Each line of the data below from the one holding "Cecotec Ventoinha de" to the one holding "Kit De Autocollants", inclusive, is to be reproduced exactly; no other line belongs in the answer.
........
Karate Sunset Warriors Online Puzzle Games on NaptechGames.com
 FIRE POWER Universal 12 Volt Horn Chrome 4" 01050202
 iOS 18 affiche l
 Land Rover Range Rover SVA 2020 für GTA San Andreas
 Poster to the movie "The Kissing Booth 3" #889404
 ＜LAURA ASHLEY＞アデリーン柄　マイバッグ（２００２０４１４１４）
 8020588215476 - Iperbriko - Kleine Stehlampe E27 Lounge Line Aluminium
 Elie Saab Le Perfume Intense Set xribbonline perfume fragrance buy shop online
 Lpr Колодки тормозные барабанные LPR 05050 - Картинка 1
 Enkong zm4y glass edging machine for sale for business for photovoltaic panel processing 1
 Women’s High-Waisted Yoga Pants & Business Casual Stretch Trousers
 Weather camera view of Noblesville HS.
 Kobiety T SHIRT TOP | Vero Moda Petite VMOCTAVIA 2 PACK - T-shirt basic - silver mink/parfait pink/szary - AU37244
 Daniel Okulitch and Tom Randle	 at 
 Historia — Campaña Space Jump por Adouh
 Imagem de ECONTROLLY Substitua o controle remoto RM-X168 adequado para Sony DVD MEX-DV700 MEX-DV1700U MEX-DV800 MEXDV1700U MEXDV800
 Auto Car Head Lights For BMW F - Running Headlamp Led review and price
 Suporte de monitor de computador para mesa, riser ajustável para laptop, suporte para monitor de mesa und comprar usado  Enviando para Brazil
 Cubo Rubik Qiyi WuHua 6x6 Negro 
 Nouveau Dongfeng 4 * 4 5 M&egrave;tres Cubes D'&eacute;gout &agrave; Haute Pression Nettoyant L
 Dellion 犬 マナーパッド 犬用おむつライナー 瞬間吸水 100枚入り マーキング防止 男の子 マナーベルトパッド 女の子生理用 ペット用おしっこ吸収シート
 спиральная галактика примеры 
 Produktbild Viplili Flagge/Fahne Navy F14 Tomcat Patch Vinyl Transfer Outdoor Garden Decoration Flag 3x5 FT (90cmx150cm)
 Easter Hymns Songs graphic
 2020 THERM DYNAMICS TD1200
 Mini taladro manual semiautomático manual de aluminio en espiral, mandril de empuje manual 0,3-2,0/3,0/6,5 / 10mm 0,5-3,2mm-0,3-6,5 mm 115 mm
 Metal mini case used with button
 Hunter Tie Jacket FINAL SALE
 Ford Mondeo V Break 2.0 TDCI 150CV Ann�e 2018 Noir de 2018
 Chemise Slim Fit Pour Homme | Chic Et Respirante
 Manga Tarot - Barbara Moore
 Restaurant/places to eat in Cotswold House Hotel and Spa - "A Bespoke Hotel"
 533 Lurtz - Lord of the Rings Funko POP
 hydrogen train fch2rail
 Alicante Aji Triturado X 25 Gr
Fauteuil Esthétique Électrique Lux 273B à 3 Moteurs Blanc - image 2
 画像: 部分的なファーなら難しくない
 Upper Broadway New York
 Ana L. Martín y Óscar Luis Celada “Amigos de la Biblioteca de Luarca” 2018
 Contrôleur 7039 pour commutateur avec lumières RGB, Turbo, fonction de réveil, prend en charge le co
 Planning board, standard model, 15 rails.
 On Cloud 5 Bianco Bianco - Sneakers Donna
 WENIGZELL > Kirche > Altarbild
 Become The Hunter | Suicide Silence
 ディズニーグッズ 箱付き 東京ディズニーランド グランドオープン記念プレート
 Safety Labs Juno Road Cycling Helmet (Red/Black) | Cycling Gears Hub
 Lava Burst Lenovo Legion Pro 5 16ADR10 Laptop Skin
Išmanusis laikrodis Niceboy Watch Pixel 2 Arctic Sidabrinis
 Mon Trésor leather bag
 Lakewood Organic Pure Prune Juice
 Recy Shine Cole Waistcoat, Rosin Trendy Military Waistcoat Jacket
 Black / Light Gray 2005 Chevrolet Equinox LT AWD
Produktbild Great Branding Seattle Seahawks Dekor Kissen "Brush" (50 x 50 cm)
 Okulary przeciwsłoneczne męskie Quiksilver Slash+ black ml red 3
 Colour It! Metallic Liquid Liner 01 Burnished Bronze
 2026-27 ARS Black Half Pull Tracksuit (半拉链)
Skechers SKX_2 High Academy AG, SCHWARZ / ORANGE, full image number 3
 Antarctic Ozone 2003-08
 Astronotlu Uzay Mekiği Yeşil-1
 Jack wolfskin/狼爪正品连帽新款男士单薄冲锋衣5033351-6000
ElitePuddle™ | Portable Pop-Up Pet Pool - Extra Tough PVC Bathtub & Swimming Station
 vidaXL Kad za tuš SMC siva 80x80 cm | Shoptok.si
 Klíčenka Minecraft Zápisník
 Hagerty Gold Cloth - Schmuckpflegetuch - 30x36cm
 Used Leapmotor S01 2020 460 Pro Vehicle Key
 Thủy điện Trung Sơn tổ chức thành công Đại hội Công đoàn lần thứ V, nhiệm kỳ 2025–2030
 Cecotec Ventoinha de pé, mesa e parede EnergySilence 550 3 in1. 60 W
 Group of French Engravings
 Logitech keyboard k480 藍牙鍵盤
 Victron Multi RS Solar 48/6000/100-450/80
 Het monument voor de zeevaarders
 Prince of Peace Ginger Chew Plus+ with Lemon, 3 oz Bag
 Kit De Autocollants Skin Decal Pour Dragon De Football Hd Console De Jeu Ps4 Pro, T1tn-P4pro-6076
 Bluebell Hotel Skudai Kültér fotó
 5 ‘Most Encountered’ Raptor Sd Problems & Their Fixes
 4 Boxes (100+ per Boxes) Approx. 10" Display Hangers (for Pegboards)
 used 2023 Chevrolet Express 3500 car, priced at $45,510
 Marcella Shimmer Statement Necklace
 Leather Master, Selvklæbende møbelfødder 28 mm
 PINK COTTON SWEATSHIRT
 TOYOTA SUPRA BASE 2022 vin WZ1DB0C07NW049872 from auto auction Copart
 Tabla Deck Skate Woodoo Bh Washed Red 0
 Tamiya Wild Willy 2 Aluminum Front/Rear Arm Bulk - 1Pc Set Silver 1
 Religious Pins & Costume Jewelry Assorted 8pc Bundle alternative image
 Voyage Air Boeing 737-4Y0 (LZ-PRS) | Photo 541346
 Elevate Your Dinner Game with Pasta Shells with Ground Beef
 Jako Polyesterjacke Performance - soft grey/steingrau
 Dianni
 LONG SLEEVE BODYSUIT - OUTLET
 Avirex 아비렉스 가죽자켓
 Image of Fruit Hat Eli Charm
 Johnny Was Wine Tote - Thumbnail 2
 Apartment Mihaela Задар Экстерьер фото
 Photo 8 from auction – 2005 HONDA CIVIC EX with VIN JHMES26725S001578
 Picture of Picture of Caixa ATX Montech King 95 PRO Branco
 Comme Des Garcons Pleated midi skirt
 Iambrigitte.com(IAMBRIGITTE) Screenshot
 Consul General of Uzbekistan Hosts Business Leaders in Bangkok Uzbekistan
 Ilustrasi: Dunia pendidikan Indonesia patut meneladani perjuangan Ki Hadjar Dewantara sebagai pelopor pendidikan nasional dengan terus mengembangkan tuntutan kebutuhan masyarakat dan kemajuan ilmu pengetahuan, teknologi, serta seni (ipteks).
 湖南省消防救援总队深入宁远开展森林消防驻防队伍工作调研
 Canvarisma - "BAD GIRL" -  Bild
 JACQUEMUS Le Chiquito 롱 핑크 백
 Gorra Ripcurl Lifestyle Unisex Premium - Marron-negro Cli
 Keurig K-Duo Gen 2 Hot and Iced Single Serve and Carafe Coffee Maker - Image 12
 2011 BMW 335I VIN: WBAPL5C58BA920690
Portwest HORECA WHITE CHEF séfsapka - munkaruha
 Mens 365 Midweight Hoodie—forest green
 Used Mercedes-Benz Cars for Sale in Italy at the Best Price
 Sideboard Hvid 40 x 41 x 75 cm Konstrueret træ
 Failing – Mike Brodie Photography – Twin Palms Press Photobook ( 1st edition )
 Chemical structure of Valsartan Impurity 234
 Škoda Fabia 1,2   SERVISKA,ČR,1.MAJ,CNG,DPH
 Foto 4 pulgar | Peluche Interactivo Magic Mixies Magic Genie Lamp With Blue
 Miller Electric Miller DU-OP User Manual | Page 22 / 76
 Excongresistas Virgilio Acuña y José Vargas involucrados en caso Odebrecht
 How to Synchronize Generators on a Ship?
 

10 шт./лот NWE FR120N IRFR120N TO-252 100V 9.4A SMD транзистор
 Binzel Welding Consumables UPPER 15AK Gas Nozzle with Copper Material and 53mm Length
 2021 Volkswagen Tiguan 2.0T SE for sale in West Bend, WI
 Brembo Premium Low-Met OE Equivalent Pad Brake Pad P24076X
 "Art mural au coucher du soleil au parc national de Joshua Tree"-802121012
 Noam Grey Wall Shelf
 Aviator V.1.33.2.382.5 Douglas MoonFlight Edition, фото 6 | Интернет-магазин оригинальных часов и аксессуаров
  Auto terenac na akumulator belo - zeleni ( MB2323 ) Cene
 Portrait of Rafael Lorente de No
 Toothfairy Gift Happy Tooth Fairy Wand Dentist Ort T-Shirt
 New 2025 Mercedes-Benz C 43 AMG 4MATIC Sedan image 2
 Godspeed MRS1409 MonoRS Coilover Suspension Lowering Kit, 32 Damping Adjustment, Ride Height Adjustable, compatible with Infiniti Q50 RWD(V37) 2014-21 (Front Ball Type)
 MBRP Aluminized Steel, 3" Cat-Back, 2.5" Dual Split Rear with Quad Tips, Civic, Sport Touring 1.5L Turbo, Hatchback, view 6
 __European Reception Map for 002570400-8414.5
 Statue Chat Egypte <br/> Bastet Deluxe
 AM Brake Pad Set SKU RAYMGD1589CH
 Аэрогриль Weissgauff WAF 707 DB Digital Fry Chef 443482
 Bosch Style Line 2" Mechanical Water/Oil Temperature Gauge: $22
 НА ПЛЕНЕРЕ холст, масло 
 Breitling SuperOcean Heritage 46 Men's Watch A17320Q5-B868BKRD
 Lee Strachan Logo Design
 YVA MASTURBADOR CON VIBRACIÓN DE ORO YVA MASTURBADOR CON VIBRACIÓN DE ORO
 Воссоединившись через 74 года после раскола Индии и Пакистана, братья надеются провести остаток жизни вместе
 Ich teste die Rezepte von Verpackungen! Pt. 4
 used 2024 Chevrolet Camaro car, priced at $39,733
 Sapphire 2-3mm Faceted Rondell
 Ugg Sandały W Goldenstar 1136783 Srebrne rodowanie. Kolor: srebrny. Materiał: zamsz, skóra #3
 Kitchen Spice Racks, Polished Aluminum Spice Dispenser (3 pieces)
........
→ ANSWER TO THE EXERCISE:
 Cecotec Ventoinha de pé, mesa e parede EnergySilence 550 3 in1. 60 W
 Group of French Engravings
 Logitech keyboard k480 藍牙鍵盤
 Victron Multi RS Solar 48/6000/100-450/80
 Het monument voor de zeevaarders
 Prince of Peace Ginger Chew Plus+ with Lemon, 3 oz Bag
 Kit De Autocollants Skin Decal Pour Dragon De Football Hd Console De Jeu Ps4 Pro, T1tn-P4pro-6076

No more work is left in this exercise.